Los infantes eran adiestrados para que pensaran que al pisar campos minados y ofrendar su vida contra los infieles entrarían al Paraíso tan rápido como morían y utilizaban las llaves que llevaban adheridas al cuello.
La estupidez de esta guerra nos la recuerda Camus: “Cuando estalla una guerra las personas se dicen: “Esto no puede durar, es demasiado estúpido.” “Y sin duda una guerra es evidentemente estúpida, pero eso no impide que dure.”
Estupidez alienada, enajenada, donde los niños no entendían la brutalidad de estos hechos sangrientos y acudían gustosos a la inmolación como un acto beatífico y bienaventurado, tal como lo hacen hoy los yihadistas, con la salvedad que por ser mayores ingresan a un encuentro liberador con carácter paradisíaco.

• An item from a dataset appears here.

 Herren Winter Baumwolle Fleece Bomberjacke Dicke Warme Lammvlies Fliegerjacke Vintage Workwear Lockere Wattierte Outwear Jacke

Morir, para los niños, era una forma de mejorar su posición social y cuando una familia perdía un niño en la guerra se le ofrecían a sus padres generosos beneficios, como una especie de Sisben.
La muerte, como éxtasis, fue una invención enajenante de los intereses petroleros, Imanes que han sobrevivido a Mahoma y viven como soberanos en los rascacielos del mundo.

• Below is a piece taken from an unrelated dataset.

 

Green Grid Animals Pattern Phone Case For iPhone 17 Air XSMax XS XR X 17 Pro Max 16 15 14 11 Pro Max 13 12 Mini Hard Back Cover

La humanidad en algunos pueblos árabes es una mecha encendida, tiene la obsesión por el martirio, como los cristianos que avanzaba sin temeridad a las fauces de los leones en el circo romano para llegar al Cielo.
“Arremetan contra los infieles, hay que liberar al mundo de la maldad y la maldad son los apóstatas, los que desertaron del islam.”
La felicidad está asegurada ganen a pierdan la guerra. El solo hecho de participar en la contienda guerrera es una victoria contra la maldad.
Imaginarse que un Imán llega en un corcel blanco a visitar a las víctimas los llena de una placidez sin límites, como llega un Santa Claus norteamericano en diciembre a repartir regalos descendiendo por las chimeneas.
El martirio siempre fue símbolo de felicidad suprema y los cuerpos eran envueltos en sudarios guerreros para llegar a un lugar donde recobrarían la vida para disfrutar el bienestar por el resto de la eternidad.
Los estudiantes árabes, sirios y marroquíes, con quienes tuvimos la oportunidad de estudiar, nunca abandonaron sus creencias en el Corán, libro de ordenamiento ético, fuente de solidaridad y su preocupación siempre fue la dignidad del otro.
Esta anécdota, contada por Kuntzel, nos hace entender un poco lo que ocurrió y aún ocurre en los países árabes y que, guardadas las proporciones históricas, vivieron los niños en la guerra colombiana, que murieron con el fusil al hombro o volados en pedazos esperando una modernidad triunfante. Hasta pronto.